* [Work task] Retype exactly what appears below from the line containing "What a way to" down to the line containing "GoSmart Rugalmas LED", keeping both end lines. Do not include pictures.

** Provided entries follows **

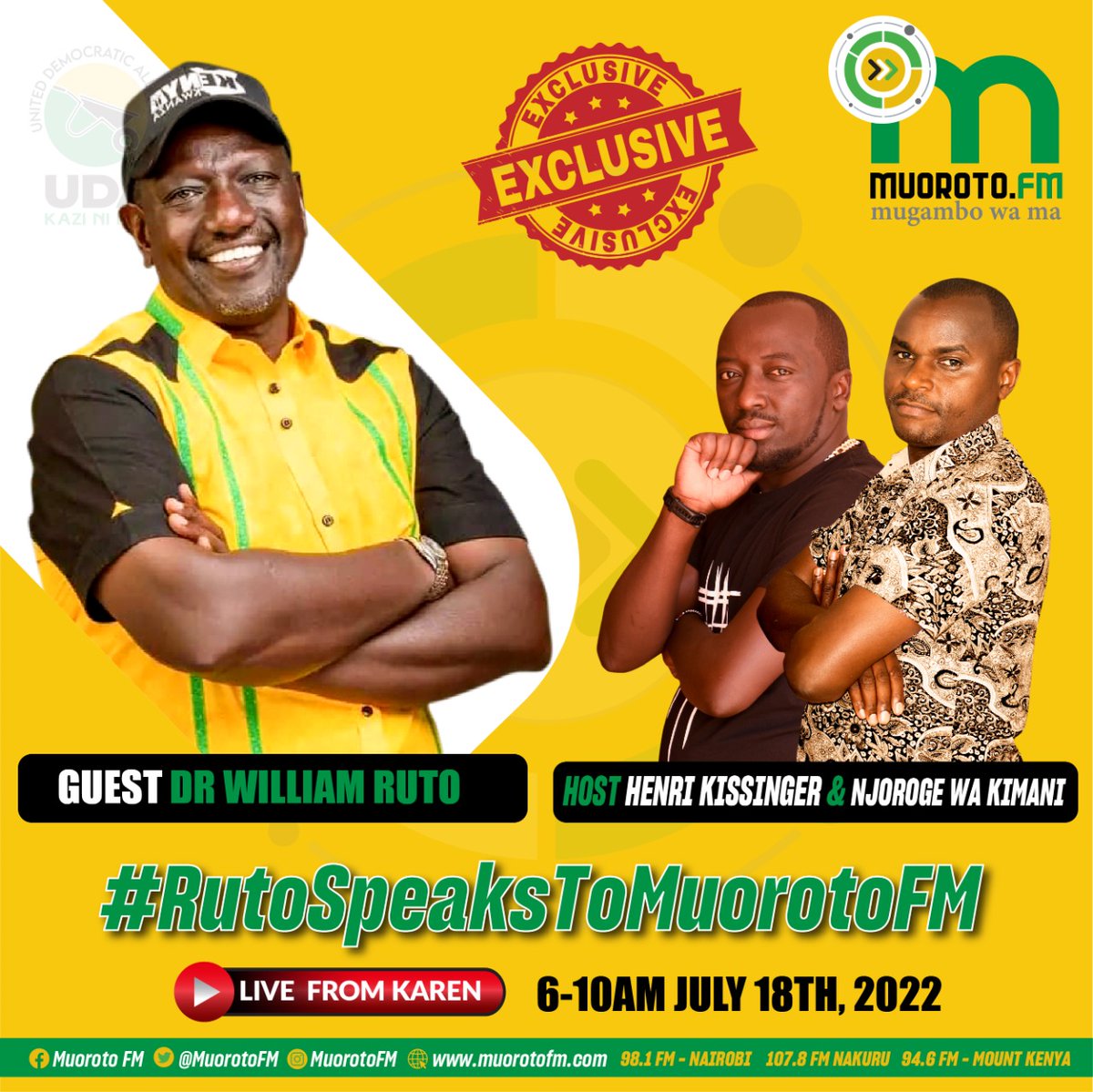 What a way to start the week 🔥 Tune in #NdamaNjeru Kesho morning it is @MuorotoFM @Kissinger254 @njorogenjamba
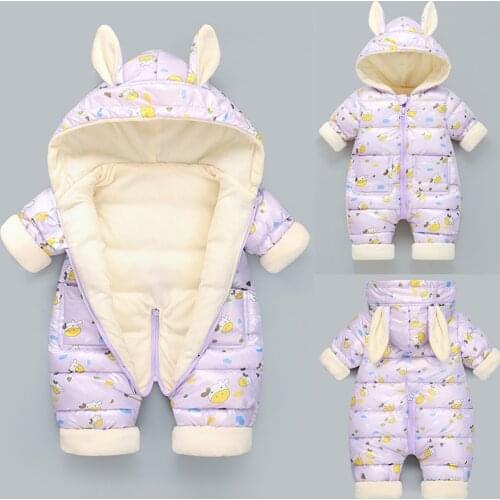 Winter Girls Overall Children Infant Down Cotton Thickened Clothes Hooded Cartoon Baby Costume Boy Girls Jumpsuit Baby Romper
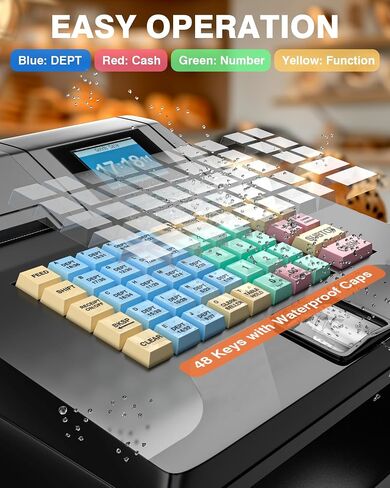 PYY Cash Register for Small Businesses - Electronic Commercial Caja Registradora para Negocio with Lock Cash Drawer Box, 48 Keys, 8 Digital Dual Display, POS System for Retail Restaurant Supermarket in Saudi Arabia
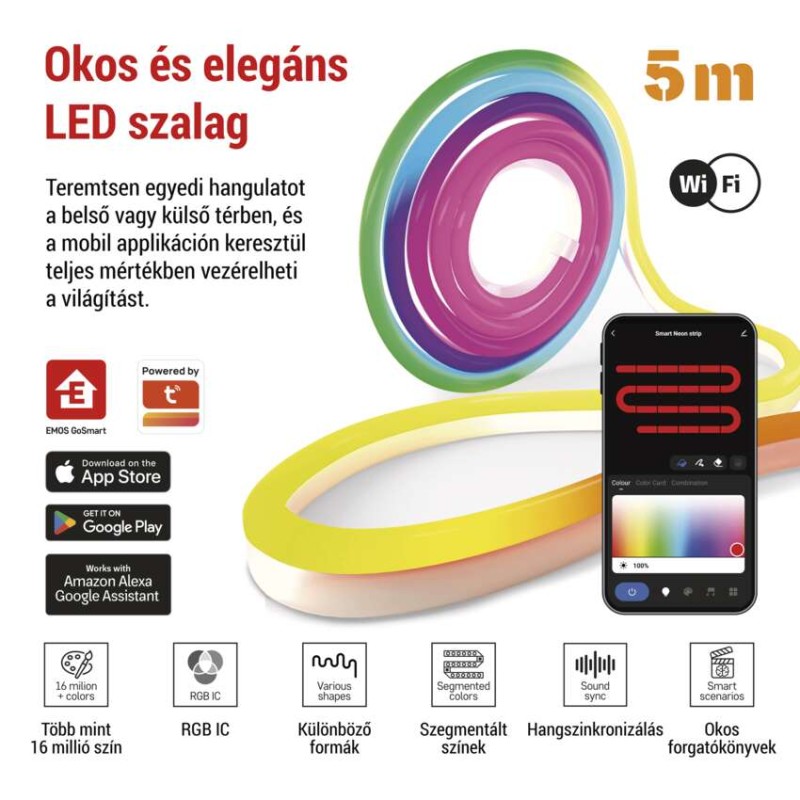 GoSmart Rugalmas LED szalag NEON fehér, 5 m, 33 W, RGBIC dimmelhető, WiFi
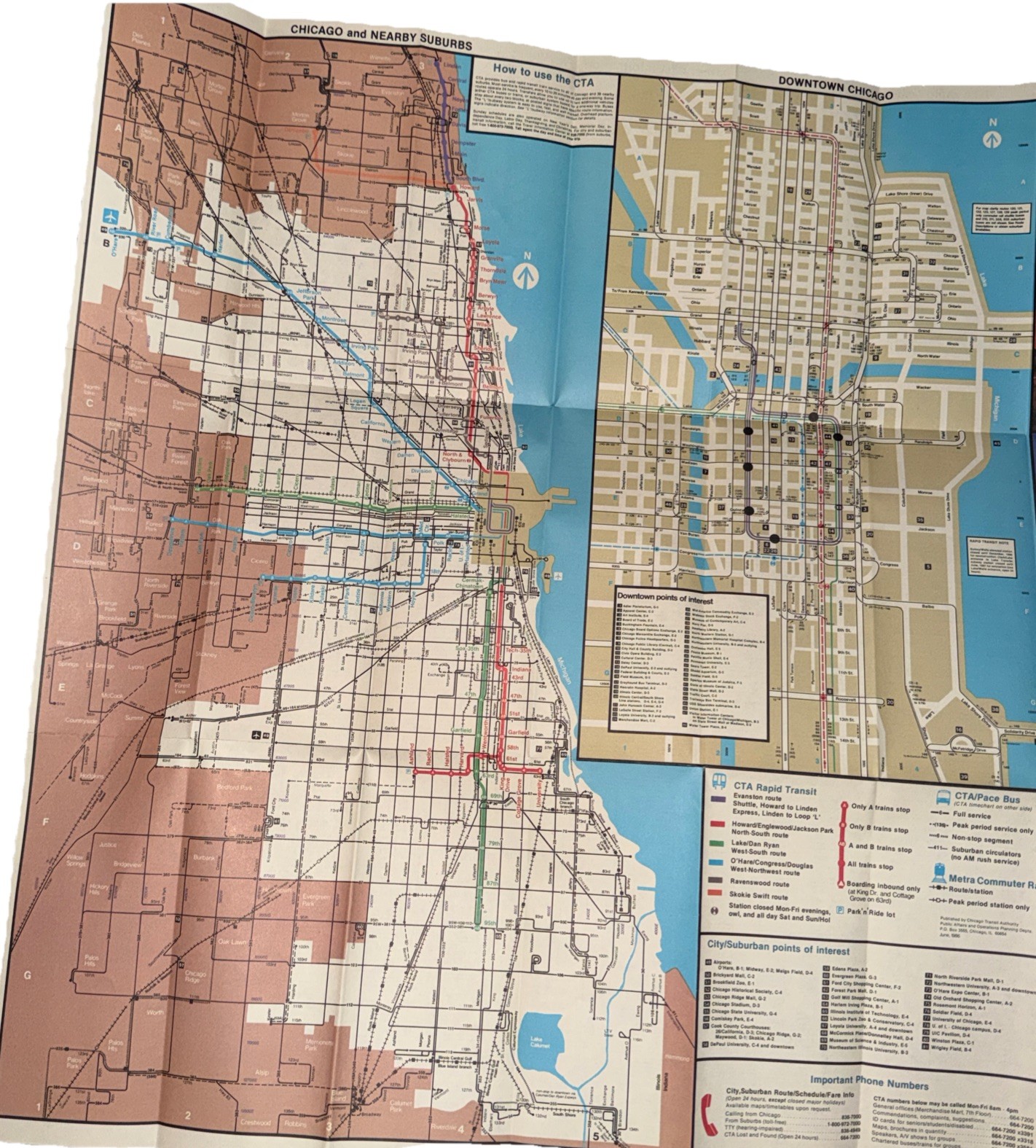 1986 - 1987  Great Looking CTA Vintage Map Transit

** End of Provided entries **
** Provided entries follows **

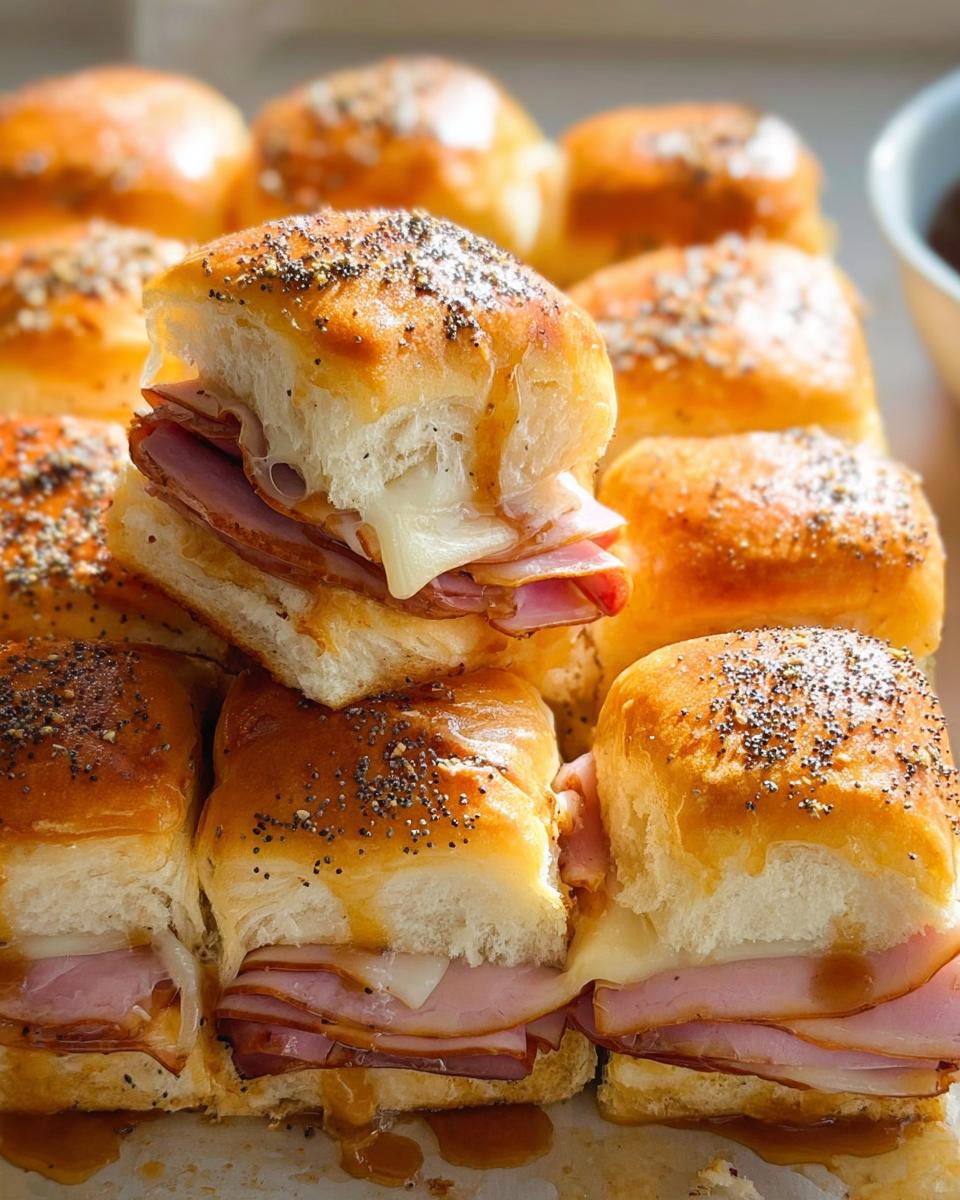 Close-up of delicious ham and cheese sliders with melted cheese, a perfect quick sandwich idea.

** End of Provided entries **

* [Solved exercise]
 What a way to start the week 🔥 Tune in #NdamaNjeru Kesho morning it is @MuorotoFM @Kissinger254 @njorogenjamba
 Winter Girls Overall Children Infant Down Cotton Thickened Clothes Hooded Cartoon Baby Costume Boy Girls Jumpsuit Baby Romper
 PYY Cash Register for Small Businesses - Electronic Commercial Caja Registradora para Negocio with Lock Cash Drawer Box, 48 Keys, 8 Digital Dual Display, POS System for Retail Restaurant Supermarket in Saudi Arabia
 GoSmart Rugalmas LED szalag NEON fehér, 5 m, 33 W, RGBIC dimmelhető, WiFi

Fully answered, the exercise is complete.